That same Court Theatre was destined soon to become the prey of flames; it was the scene of a terrible catastrophe when many lives were lost.

I was soon to see more of Carlsruhe. Chiefly with a view to improving my German, I was put to school there. Now Carlsruhe was in those days one of the dullest places rational man ever condescended to inhabit. I think it was Heine who said that the dogs came up to you in the street and begged as a favour that you would tread on their toes, just to relieve them of the intolerable monotony of their lives. How it is to-day I don't know; probably they now have music-halls and motor cars, jingoes and pickpockets, but in my time all was slow, sure, and safe. The Grand-Duke sat in his palace like a royal spider in his web; all the streets radiated fan-like from the centre he occupied. In the forest, at the back of the palace, the avenues were cut out so as to form a counterpart to the city, one and all converging towards the abode of the Ruler. A fine spacious market-place there was, however, with a town-hall and a church and a monument to a departed Markgraf, round which clustered on certain days quaint old apple-women whom we school-boys patronised to the fullest extent of our limited means. We were close at hand, for the "Gymnasium" was happily situated in this most attractive part of the town. For all that, it took me some time before I could get accustomed to my new home.

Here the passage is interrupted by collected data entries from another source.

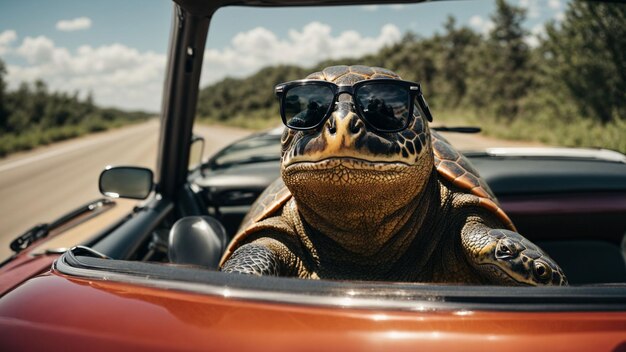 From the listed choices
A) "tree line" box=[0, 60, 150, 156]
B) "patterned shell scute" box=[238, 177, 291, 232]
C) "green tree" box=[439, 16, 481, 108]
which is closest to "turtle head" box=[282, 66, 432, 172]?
"patterned shell scute" box=[238, 177, 291, 232]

Professor Schummelig, to whose care I was entrusted, was good in his way; I give him a fictitious name, as I have to record that he could also be bad in his way. I don't think he made my lessons more tedious or my tasks more irksome than any other ordinary German professor would have done; but he was pedantic and I was imaginative, so we did not always give one another satisfaction. We had one or two grand rows, in which the wrongs cannot have been all on my side, for, as soon as convenient, he granted me a free pardon, in consideration of which I was required not to mention the unpleasant incident in my letters to my parents (my father paid a hundred florins per quarter). I acquiesced, and so we were soon on good terms again.

But I always felt he was an egoist. He would carve the daily little piece of boiled beef just so as to give himself the particular portion which I coveted. The bread, too, was under his control: he would never take much of it at a time, but he would just cut himself little titbits, crisp corners, and knotty excrescences, until the loaf took the appearance of a dismantled wreck. He also squinted, not with that broad outside squint, ever ready to see both sides, to embrace all things, but with a narrow selfish inside squint which slid down his nose, and from there watched the focussing and absorption of the titbits with keen interest and an irritating show of gratified tastes.

And not only was the professor's field of vision thus distressingly limited, but there was also some moral obliquity in his composition. He mistook certain piles of fire-logs, which had been stocked for the use of the public school, for his own private property. When this was discovered, the authorities, happily for the professor, winked at his delinquencies with an eye to avoiding a scandal--a course they might be well justified in taking, as Justice herself is admitted to be blind.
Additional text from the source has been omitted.